This article is based on the research paper 'FastFold: Reducing AlphaFold Training Time from 11 Days to 67 Hours'
DeepMind launched AlphaFold 2 last year, which made headlines for its incredible accuracy in predicting protein structure. The success of AlphaFold demonstrated that deep neural networks could be used to solve complex and critical structural biology problems.
FastFold is a highly effective protein structure prediction model formulation for training and inference developed by a group of researchers from the National University of Singapore. Although AlphaFold 2 is a game-changer in protein structure prediction, training and inference is still time-consuming and expensive. This is something that worries the study team.
What makes it better? FastFold can halve the overall training time of AlphaFold 2, from 11 days to 67 hours, and provide 9.5x speedups for interpreting long sequences while increasing to 6.02 PetaFLOP and parallel efficiency of 90 .1%. FastFold is credited with saving a significant amount of money while simultaneously improving training and inference.
How did researchers contribute to this model?
The performance of AlphaFold operators is optimized using AlphaFold-specific performance characteristics. When combined with kernel fusion, the kernel implementation achieved tremendous speedups. The research team proposed dynamic axial parallelism. Other model parallelism methods have higher communication overhead. In terms of communication optimization, the suggested duality asynchronous operation uses a dynamic computational graph framework like PyTorch to implement computation-communication overlap.
The AlphaFold model training was successfully scaled up to 512 NVIDIA A100 GPUs, yielding a total of 6.02 PetaFLOPs at the training stage. Our FastFold accelerates large sequences by 7.5 to 9.5 times and enables inference on extremely long sequences at the inference stage. The total duration of the training is reduced from 11 days to 67 hours, which translates into significant savings.

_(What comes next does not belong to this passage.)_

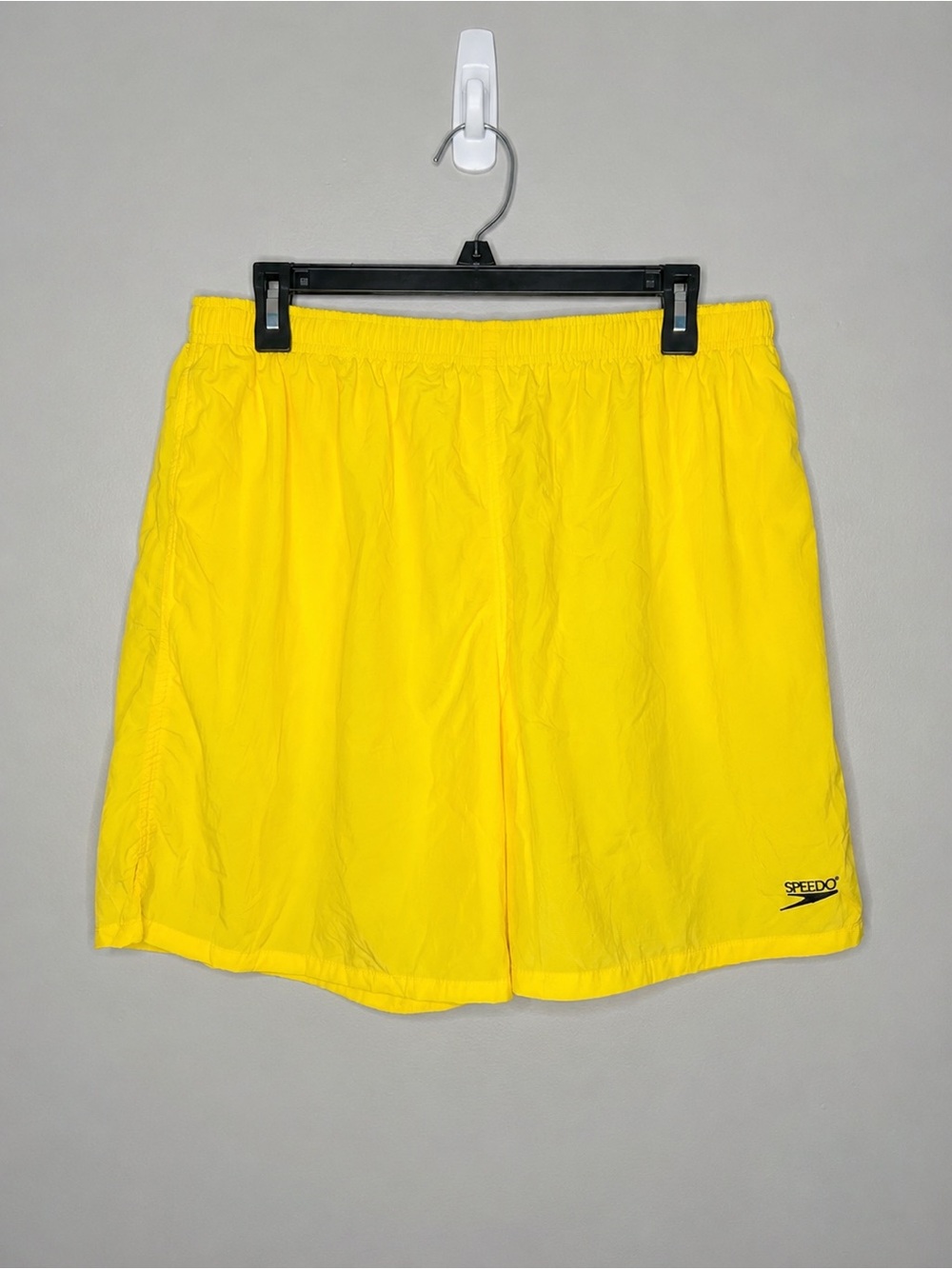 Vintage Speedo Yellow Nylon Swim Trunks Shorts Mesh Lined Men’s XL Y2K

The traditional AlphaFold model is made up of several parts:
- This component encodes the multiple sequence alignment (MSA) and matrix information of the target sequence in the MSA representations, including the co-evolutionary information of all similar sequences and the pair representations carrying the interaction information of the pairs of residues in the sequences.
- Evoformer Blocks: MSA Stack and Pair Stack approaches are used to power representations in MSA and Pair representations. The highly processed modeling information from the generated models is fed into a structure module, which produces a three-dimensional structure prediction for the protein.
- Backbone Evoformer: Communication overhead is reduced by using dynamic axial parallelism, a unique model parallelism method that exceeds existing standard tensor parallelism in scaling efficiency.
For communication optimization, the researchers created a Duality Async operation to implement computation-communication overlap in dynamic computational graph frameworks like PyTorch.
FastFold has also been compared to AlphaFold and OpenFold by researchers. FastFold dramatically reduces the time and cost of training and inference for basic protein structure prediction models, reducing AlphaFold’s overall training time from 11 days to 67 hours, achieving speedups of 7 .5 to 9.5 for long-sequence involvement and scalability to a total of 6.02 PetaFLOPs with 90.1% parallel efficiency.
FastFold’s excellent model parallelism scaling efficiency makes it a viable solution to AlphaFold’s huge training and inference processing overhead.